The transit dilemma

Sacramento River Cats Logo

Say you wanted to go from Oakland, California to Sacramento, California, a distance of 80 miles, to catch a Friday night Sacramento Rivercats game. (They’re a minor-league baseball team.) And you wanted to take public transit and come back the same night. That seems possible.

Okay, start by getting to the Amtrak station at Jack London Square. Park your bike (or get off the bus) and hop on the train. (Or you could take BART to the Coliseum Amtrak stop.) Depart from the Coliseum at 3:58 pm or Jack London at 4:10 pm to arrive at the Sacramento Amtrak station (401 I Street) at 6:10 pm, for $21 per person.

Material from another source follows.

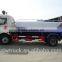 CLW Factory supply Dongfeng 6T water tanker transport truck,6000 liter water tank truck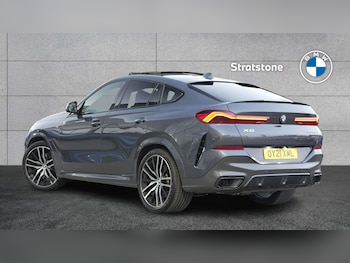 Used BMW X6 2021 for sale - 79161030: Photo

Then from there, get to Raley Field. It’s exactly a mile from the station, though that includes a river crossing. It seems like a walkable route, though I don’t know if the bridge on the most direct route is open to pedestrians, so it might be slightly longer than a mile. So leave 25 minutes to get there. Oh, there’s also a shuttle. That’s probably a good idea.

Enjoy the game! It starts at 7:05. They’ll probably win, since they’re in first place.

Oh, by the way, you won’t be taking Amtrak back to Oakland, unless you wait till tomorrow, or leave the game super-early. If you don’t take the 9:10 train back to Oakland, you have to wait until 5:40 am for the next one. Since it would be silly to take transit for 4 hours for just 2 hours of a game that would likely last 3 hours, what to do?

Don’t worry. There’s an 11:45 pm Greyhound back to Oakland ($18/person) that puts you back downtown at 1:15 am. The Greyhound leaves from 715 L Street, also 1 mile from the stadium, also across the river. And who doesn’t love Greyhound, especially in the middle of the night?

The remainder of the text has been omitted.